**YOUR OBJECTIVE:** Set down the data below exactly; pictures stay out.

**EXTRACTED MATERIAL:**
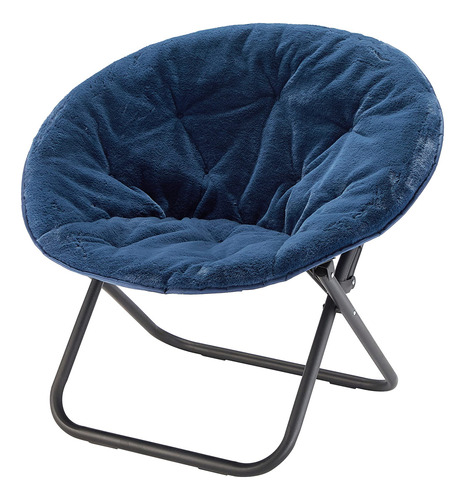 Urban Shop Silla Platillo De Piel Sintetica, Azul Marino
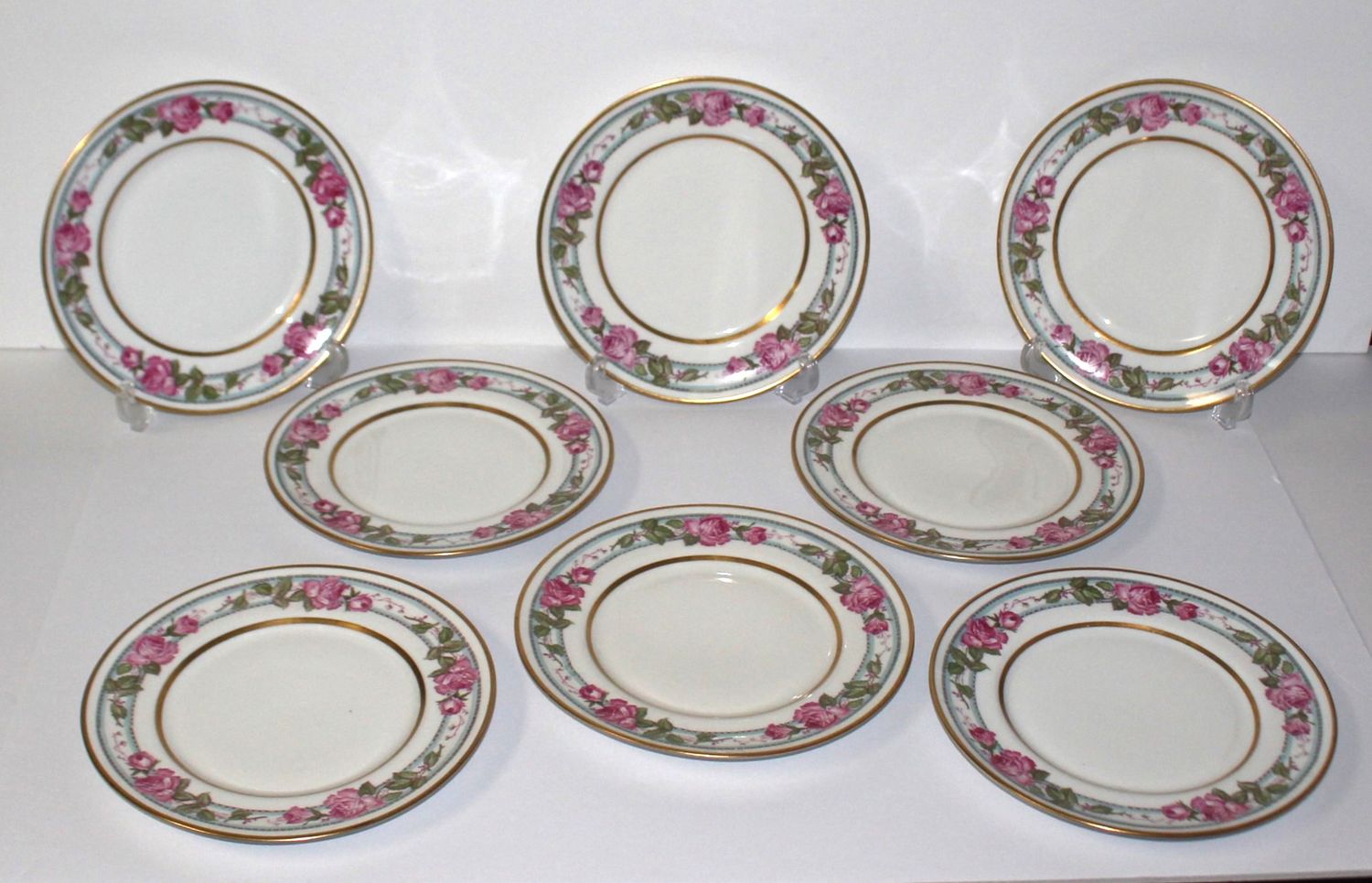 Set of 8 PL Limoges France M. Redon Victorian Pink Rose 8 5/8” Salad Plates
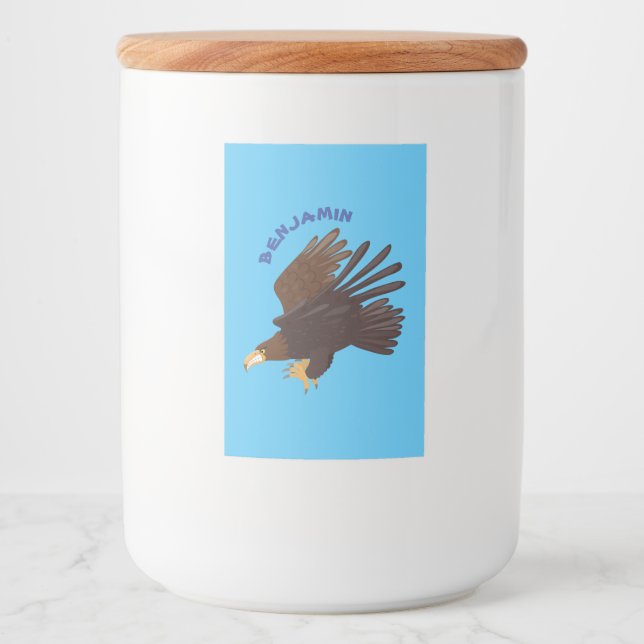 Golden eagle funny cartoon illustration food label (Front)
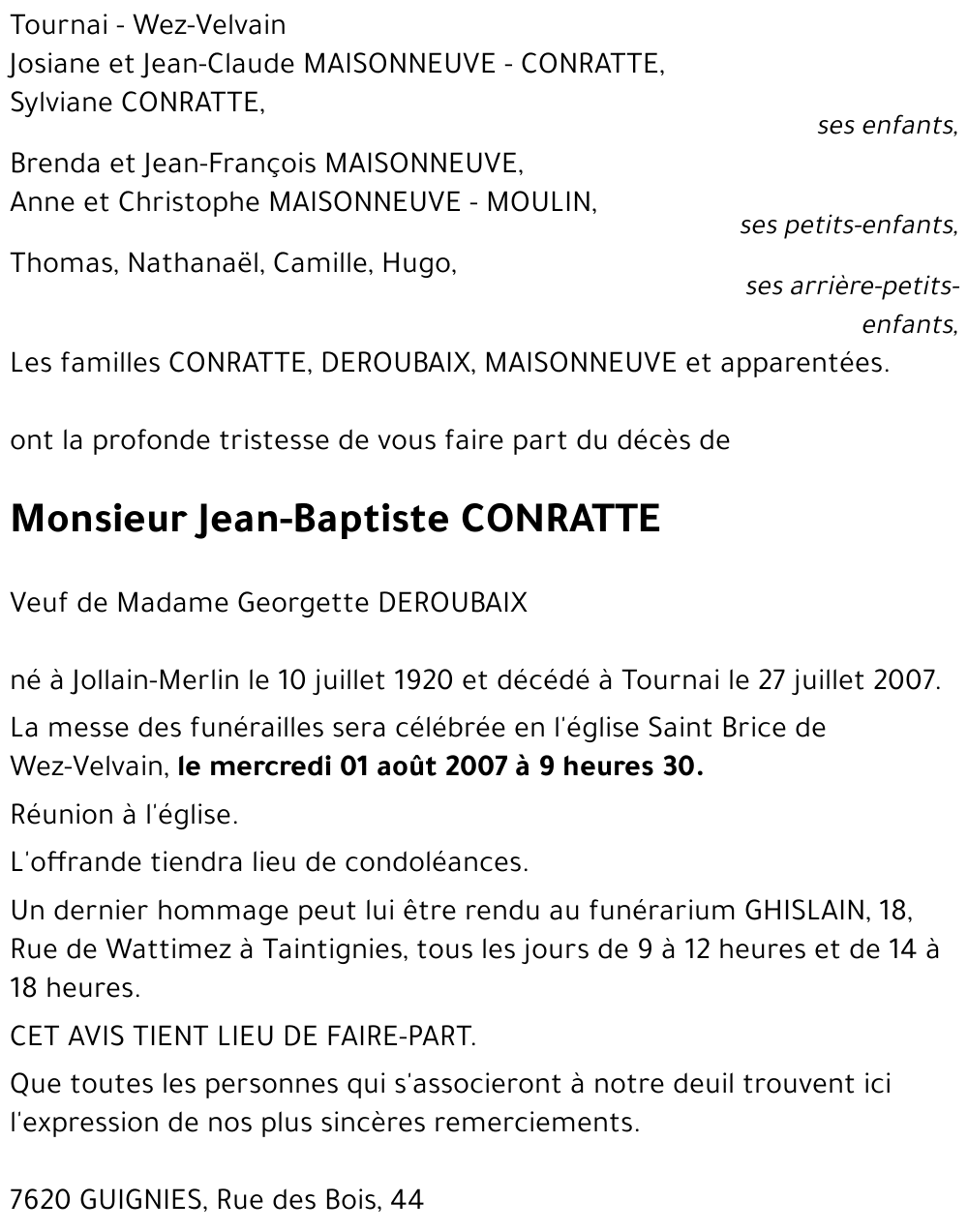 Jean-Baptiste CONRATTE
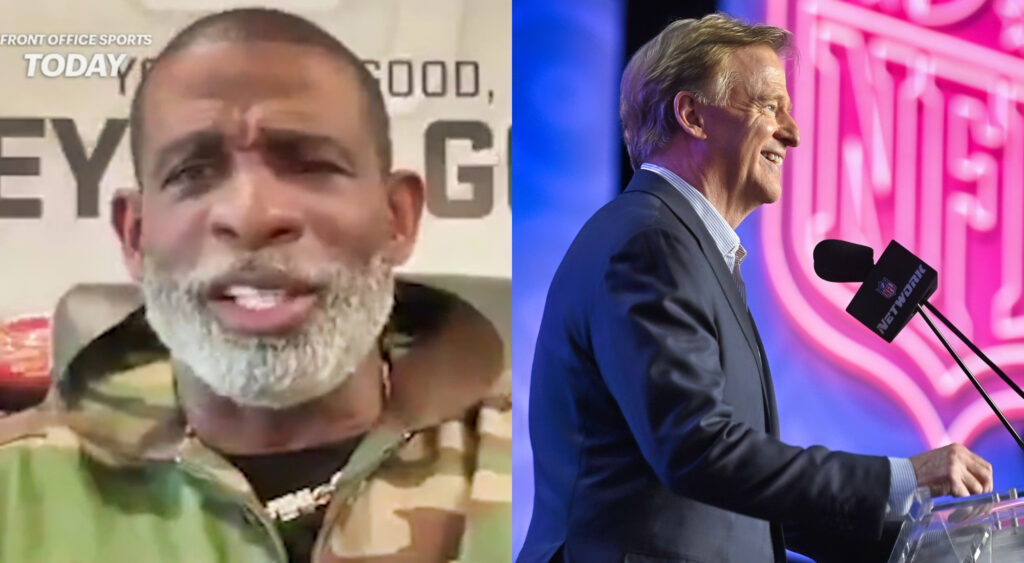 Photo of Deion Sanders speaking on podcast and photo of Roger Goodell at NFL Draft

**WORKED SOLUTION:**
 Urban Shop Silla Platillo De Piel Sintetica, Azul Marino
 Set of 8 PL Limoges France M. Redon Victorian Pink Rose 8 5/8” Salad Plates
 Golden eagle funny cartoon illustration food label (Front)
 Jean-Baptiste CONRATTE
 Photo of Deion Sanders speaking on podcast and photo of Roger Goodell at NFL Draft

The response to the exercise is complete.